Denn in den folgenden zweieinhalb Jahren werden immer neue Vorwürfe gegen Feldmann laut. Mal soll er sich bei der Stadtverwaltung dafür eingesetzt haben, dass die AWO ein Pflegeheim zur Flüchtlingsunterkunft umwidmen kann, mal ist davon die Rede, dass AWO-Mitarbeiter Spenden für seinen Wahlkampf 2018 eingeworben haben. Feldmann beteuert seine Unschuld, entschuldigt sich, verspricht Transparenz. Doch der Draht zur Öffentlichkeit ist da längst gerissen.
Staatsanwaltschaft erhebt Anklage
Im März 2022 erhebt die Frankfurter Staatsanwaltschaft Anklage. Unter anderem wird dem Oberbürgermeister vorgeworfen, sich im Gegenzug für die eingeworbenen Wahlkampfspenden verpflichtet zu haben, die Anliegen der der AWO "wohlwollend zu berücksichtigen".
Rücktrittsforderungen aus den Reihen der Opposition hatte es bis dahin schon zahlreiche gegeben. Doch nun rückt auch die SPD von Feldmann ab. Für den Fall, dass die Anklage zugelassen wird, fordert die Partei ihn auf, sich zurückzuziehen.

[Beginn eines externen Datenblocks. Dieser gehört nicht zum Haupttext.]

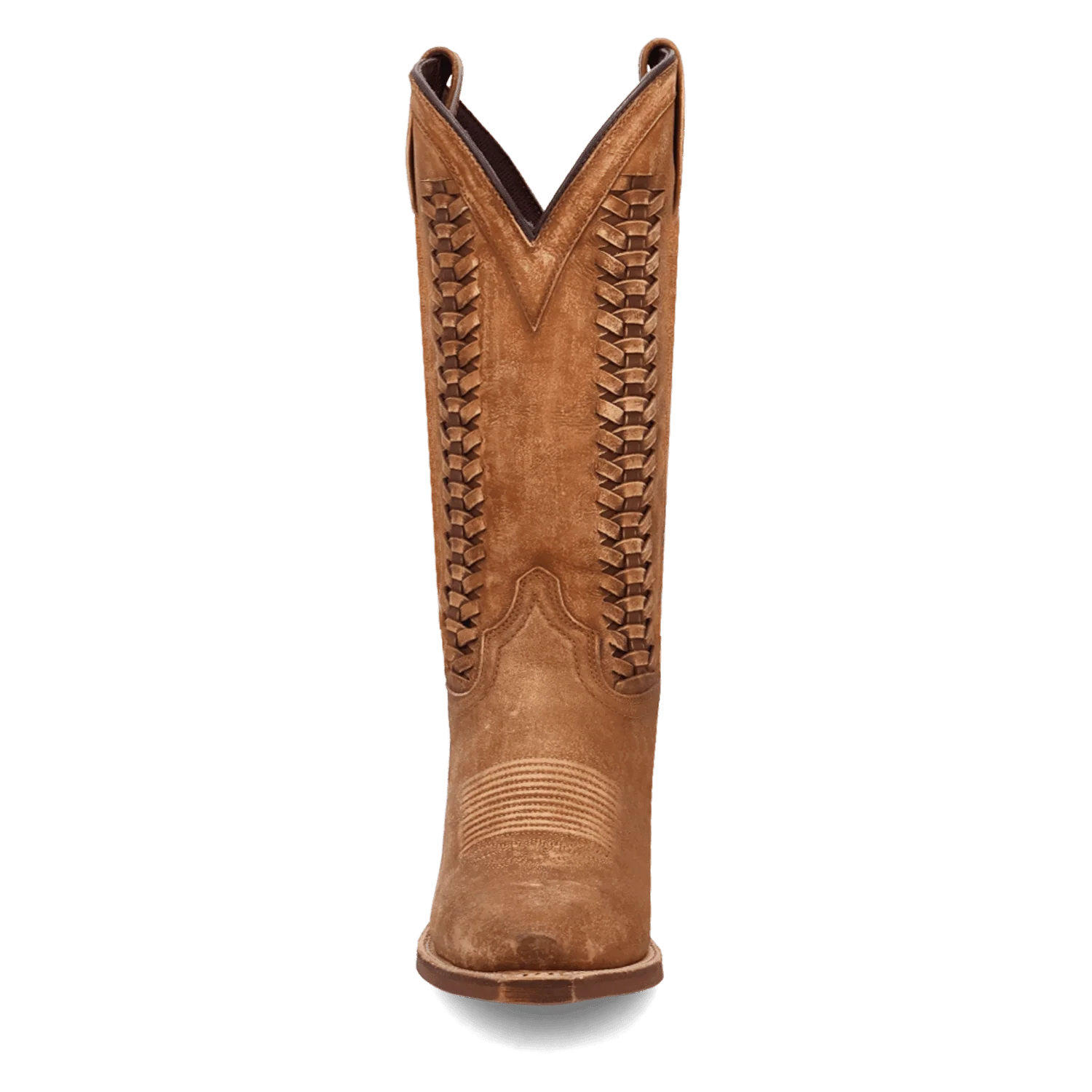 ASHLEE LEATHER BOOT - Image 5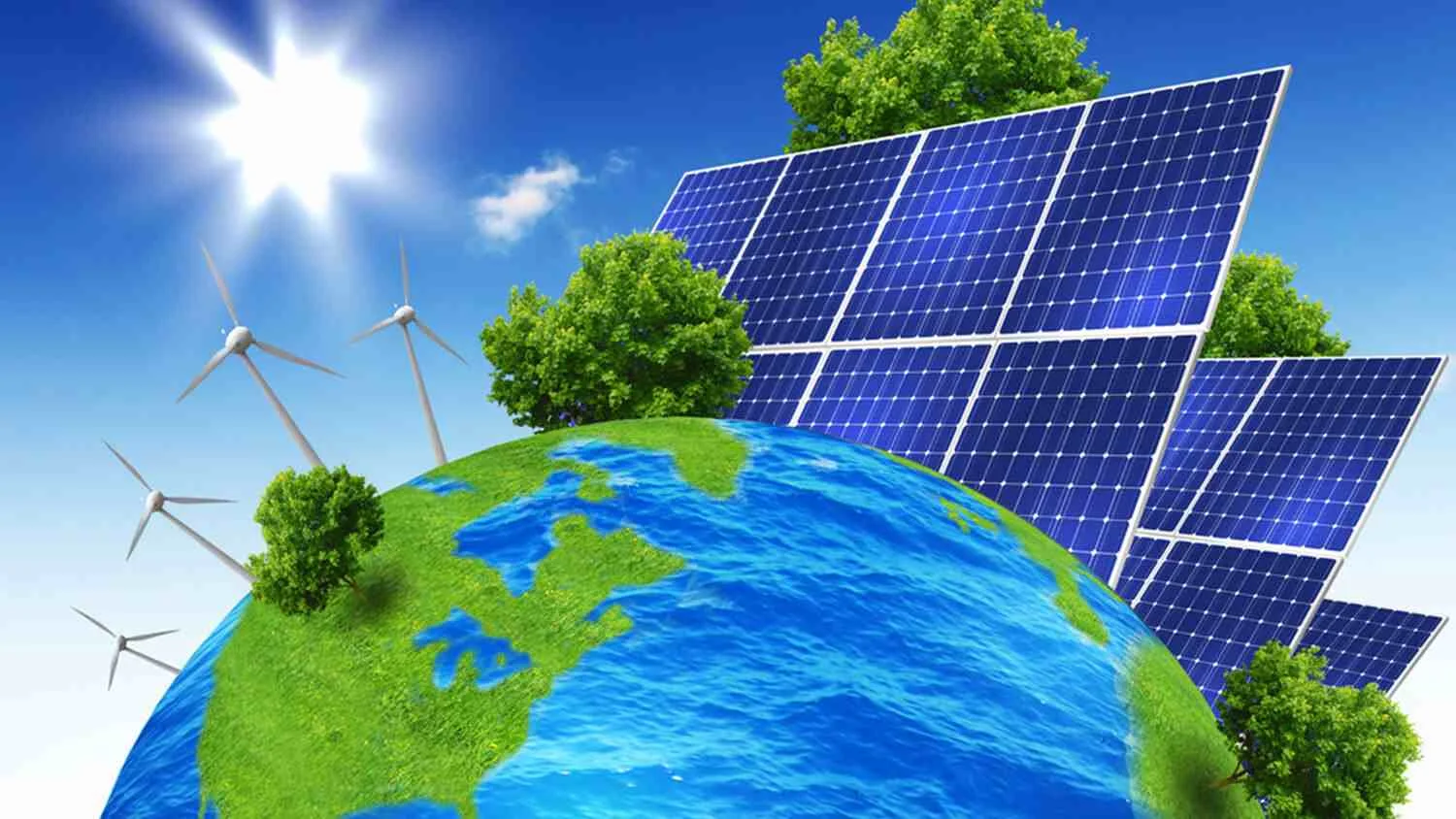 Solar Power, Supply Chain Service - Techmation BD Solar Power Supply Chain Service Techmation BD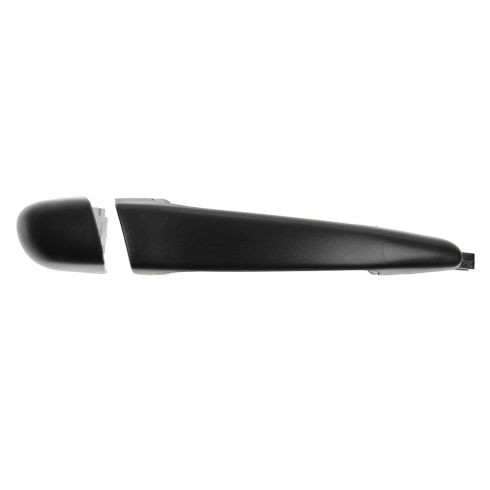 BMW 318i 323i 328i Rear Driver & Passenger Side 2 Piece Exterior Door Handle Set TRQ DHA35087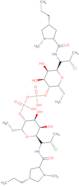 Bis{2-[(2S-trans)-Methyl 7-chloro-6,7,8-trideoxy-6-[((1-methyl-4-propyl-2-pyrrolidinyl)-carbonyl)a…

Feldmann lehnt einen Rücktritt bislang ab - er will bis zum Ende seiner Amtszeit 2024 weitermachen. Er wolle aber bis zum Ende der Sommerpause auf repräsentative öffentliche Termine verzichten, sagte er jetzt vor Journalisten. Seiner Partei bot er an, die Mitgliedschaft ruhen zu lassen.